On Wed, 17 May 2006, Andi Kleen wrote:
> On Wednesday 17 May 2006 12:46, Steven Rostedt wrote:
> >
> > On Wed, 17 May 2006, Andi Kleen wrote:
> >
> > >
> > > > As well as the following three functions:
> > > >
> > > > pud_t *pud_boot_alloc(struct mm_struct *mm, pgd_t *pgd, unsigned long addr,
> > > > int cpu);
> > > > pmd_t *pmd_boot_alloc(struct mm_struct *mm, pud_t *pud, unsigned long addr,
> > > > int cpu);
> > > > pte_t *pte_boot_alloc(struct mm_struct *mm, pmd_t *pmd, unsigned long addr,
> > > > int cpu);
> > >
> > > I'm not sure you can just put them like this into generic code. Some
> > > architectures are doing strange things with them.
> >
> > Hmm, like what?
>
> Mostly managing their software TLBs I think.
Wait. "into generic code"? Do you mean that we can't use them in generic
code. The are not defined there, but are defined in the arch. They are
just used like the p*_alloc (without boot) equivalents (from vmalloc.c).
>
> > >
> > > And we already have boot_ioremap on some architectures.
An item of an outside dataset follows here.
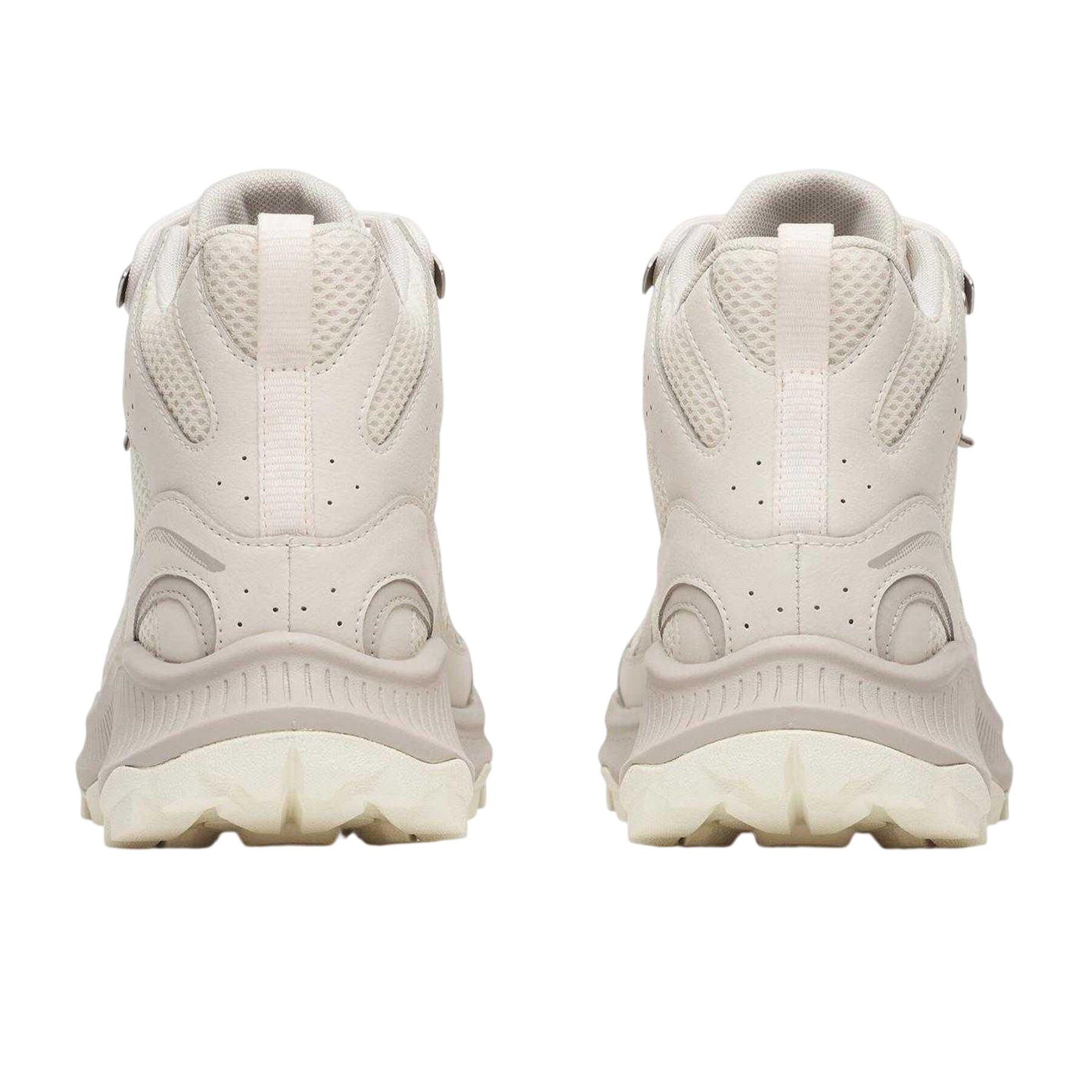 Womens/Ladies Leather Waterproof Hiking Boots (Eggshell) 2/5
Why is that not
> > > enough?
> >
> > I thought about using boot_ioremap, but it seems to be an abuse. Since
> > I'm not mapping io, but actual memory pages.
>
> We already use it for memory, e.g. for mapping some BIOS tables.
>
> > So the solution to that
> > seemed more of a hack. I then would need to worry about grabbing pages
> > that were node specific
>
> alloc_bootmem_node
>
> > and getting the physical addresses.
>
> virt_to_phys()
>
> [ + hacks to handle 32bit NUMA unfortunately ]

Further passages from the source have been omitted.